# Work task
Restate the listing below word for word; no picture is to be carried over.

Recorded data: Begin

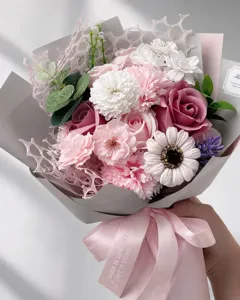 Close-up of elegant pink rose and carnation artificial flower bouquet with ribbon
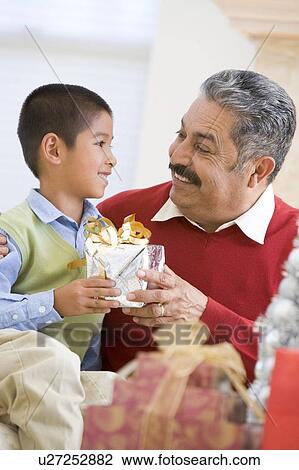 Stock Image - Boy Surprising Father With Christmas Present. Fotosearch
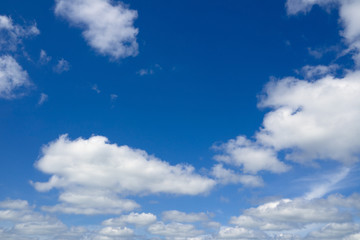 Naklejka na ściany i meble Blue sky with flying clouds over horizon, heaven. White clouds against blue sky.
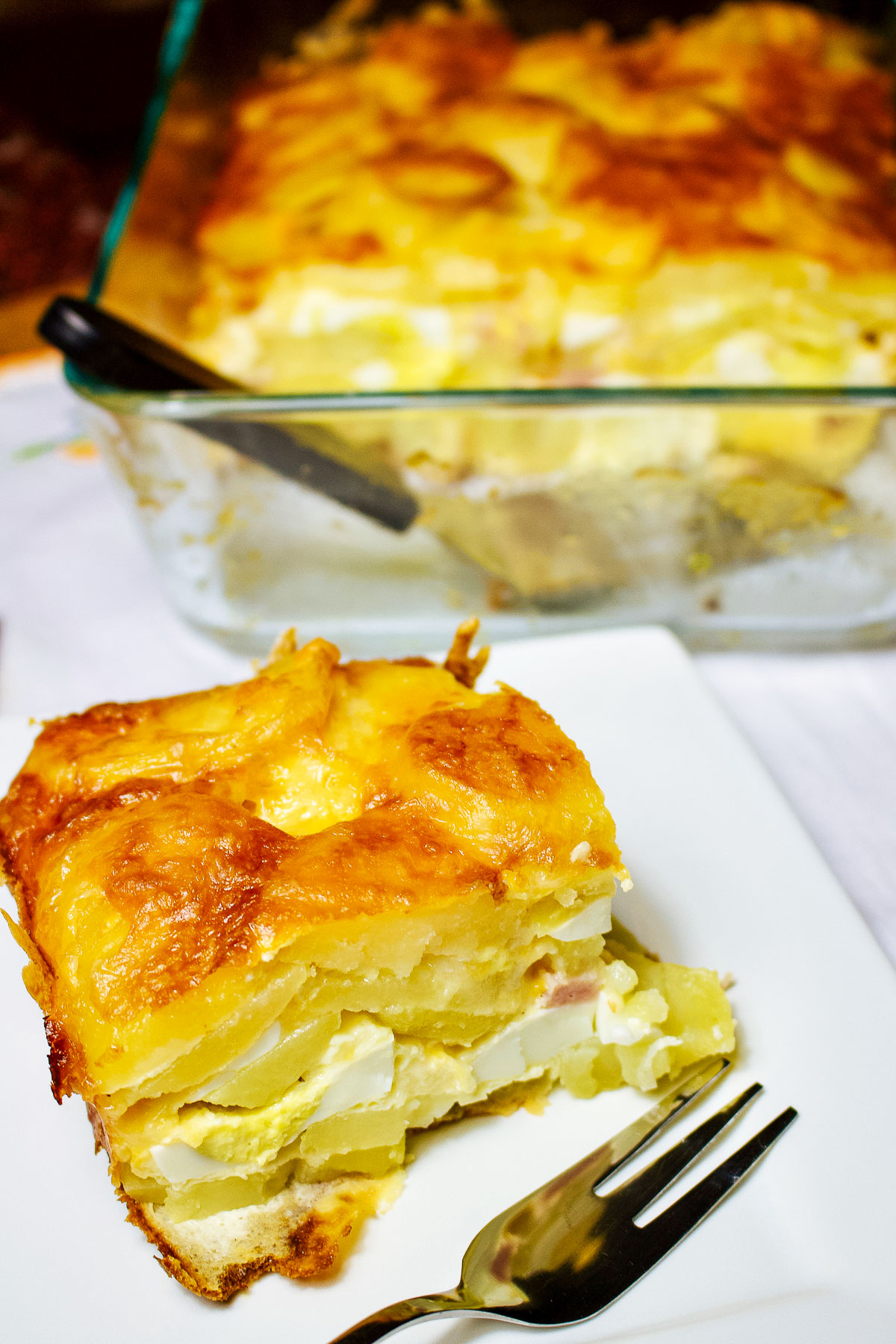 Slice of Potatoes Au Gratin with Ham and Eggs on white plate with fork.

Recorded data: End

# Result
 Close-up of elegant pink rose and carnation artificial flower bouquet with ribbon
 Stock Image - Boy Surprising Father With Christmas Present. Fotosearch
 Naklejka na ściany i meble Blue sky with flying clouds over horizon, heaven. White clouds against blue sky.
 Slice of Potatoes Au Gratin with Ham and Eggs on white plate with fork.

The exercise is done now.